UVR8 is a β-propeller protein with 7 blade-shaped β-sheets. It shares sequence homology with mammalian proteins involved in regulating chromatin condensation, for example the human RCC1 gene product. In the dark state, UVR8 forms a homodimer that is localized in the cytosol, but UV-B illumination induces the dissociation of UVR8 dimer to its respective monomers and translocation to the nucleus occurs. The dimer is held together via a complex salt bridge network.

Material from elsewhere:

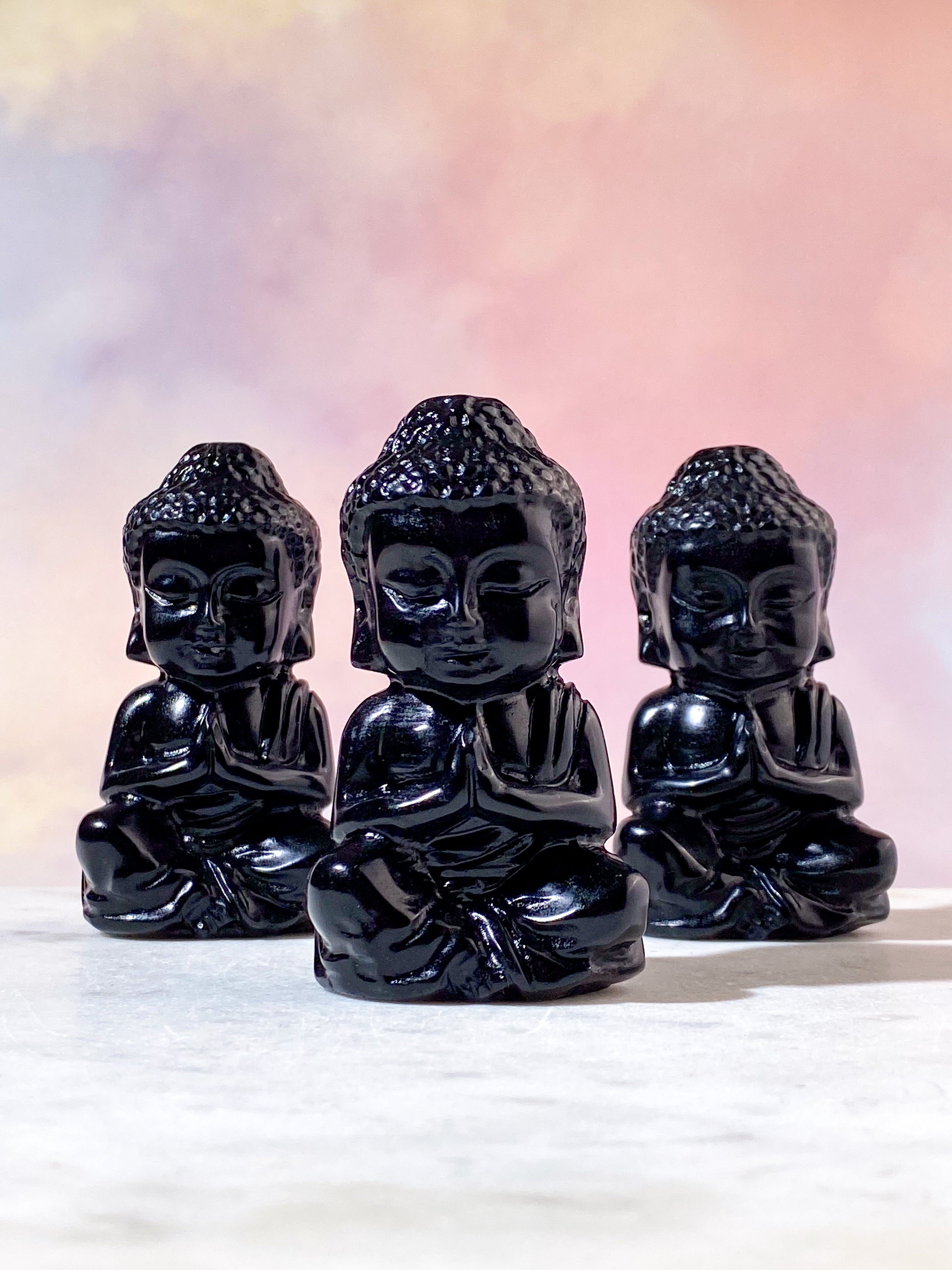 Sort Obsidian Buddha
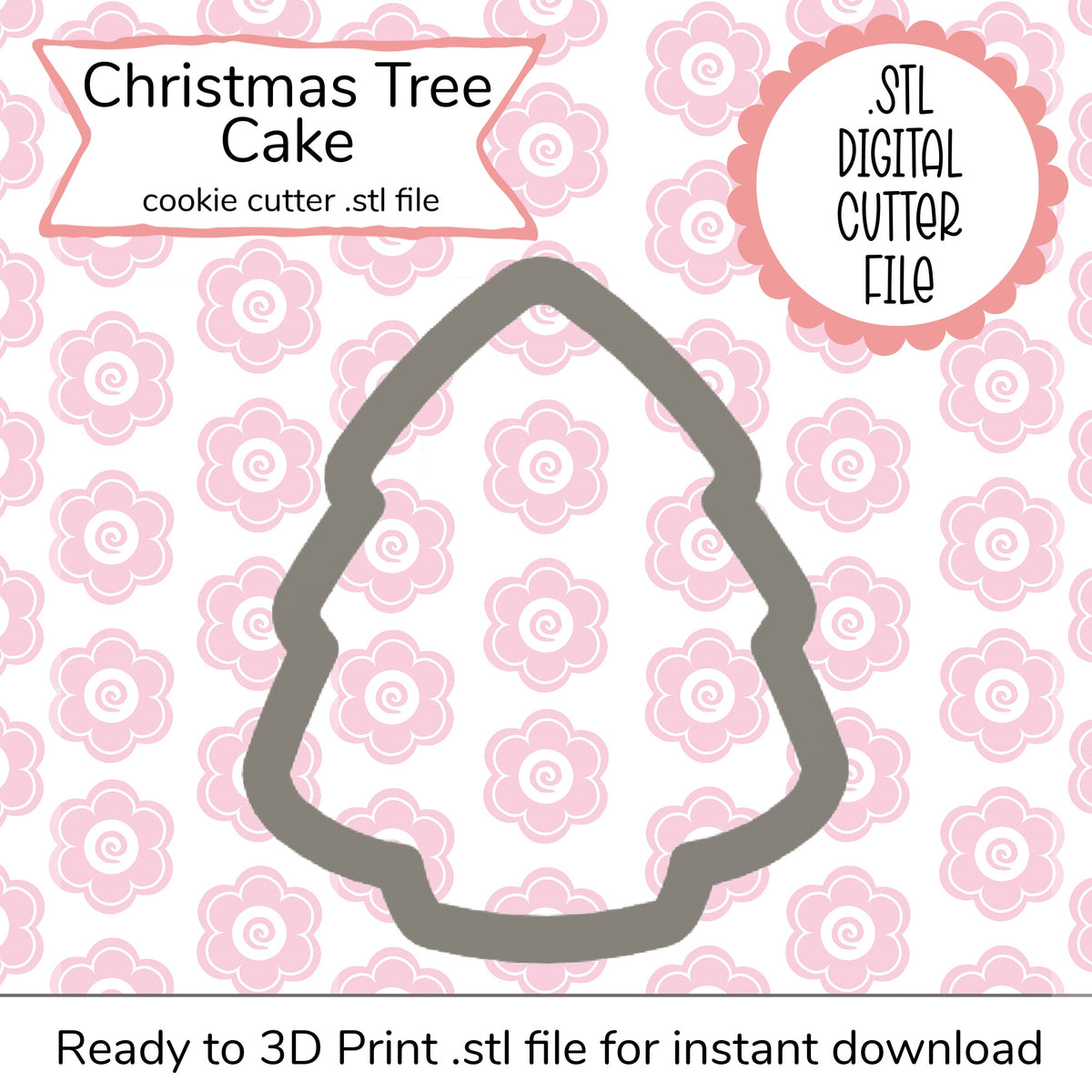 Gray christmas tree shaped 3d printed cookie cutter for cake decorating digital STL file design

Upon UV-B irradiation, light is absorbed by one or more Trp residues which are situated adjacent to Arg residues which form salt bridges across the dimer interface. It is thought that this light absorption induces the disruption of the salt-bridges and thus leads to the molecule's monomerization. Following monomerization, UVR8 accumulates in the nucleus where it interacts with a protein called constitutively photomorphogenic 1 (COP1). COP1 is known to act as an E3 Ubiquitin ligase that targets key transcription factors for ubiquitination and proteasome-mediated degradation. However, in the case of UVR8, it has been shown to act as a positive regulator of UVR8-mediated UV-B signalling. Upon UV-B illumination, UVR8 interacts via a C-terminal 27 amino acid region with the WD40 domain of COP1 in the nucleus, which triggers the induction of ELONGATED HYPOCOTYL 5 (HY5) — a key transcription factor for several UV-B responsive genes, and overall results in UV-B acclimation.